I'm excited about the holidays coming up. I love Thanksgiving and Christmas. I love getting together with family most of all, and the food is a close second. Its funny how when you're a kid, all you can think about is presents. I really don't care about that anymore. People ask me what I want for Christmas and I usually have to think really hard to find anything. Its a little easier now that we've been going without a bit more. When you're on a tight household budget and you can't just buy yourself whatever you want whenever you want it, you tend to keep a little list of things in the back of your mind that you would like to have. But sometimes you get so used to not indulging that you can't even get in the mindset of thinking about wants. And once you're a parent, you don't think about yourself the same way anymore. You think more about your child and what they need and want. I am excited about Emmett's birthday the end of the month and about his Christmas this year since he should be in prime age to rip and tear into gifts. Unfortunately he does have a terrible birthday, just a month before Christmas. I guess it could be closer to Christmas which would be worse, but I just wish it was better spaced out. I always thought my birthday in July was a good time of year for it, except for the fact that I never got to celebrate my birthday at school. I guess I should be more glad that I never had to go to school on my birthday. When Emmett is in school, if his birthday falls on a school day, I am definitely pulling him out to do something fun. He can take his cupcakes to school the day after.

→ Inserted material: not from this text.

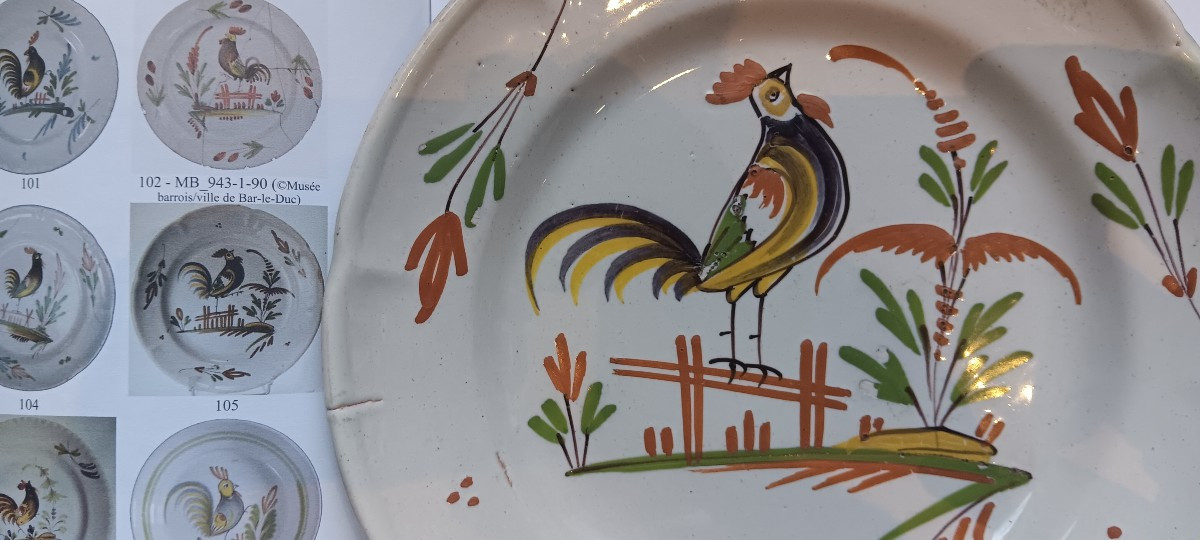Epinal Plate With A Rooster - Late 18th - Early 19th Century-photo-2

Speaking of birthdays, of course I have to comment on the fact that my baby boy will be two years old, and really really not a baby anymore this year. The time feels like it has flown by. My life never used to move so fast until Emmett was born. Now its like I'm struggling to catch up, yelling "Wait!!" as the pages of the calendar flip by and I'm powerless to stop it. Every time I catch myself getting frustrated with Emmett for any reason, wishing that he would get over a certain difficult phase, I try to stop and take a step back. When he throws himself on the floor and throws a massive fit because he wants another snack when its only half an hour until dinner time, I just try to remember that sooner than later, he will be too big to cry over such little things. And eventually he won't blow me kisses anymore, or kiss me on the knee (he's so random). Even the worst nights of his cold, when he would wake up crying because he couldn't breathe and I had to rock him until he fell back asleep, I reminded myself that rocking him to sleep will only be possible for a little while. Life will only be this way for a little while, and I'm thankful for every moment.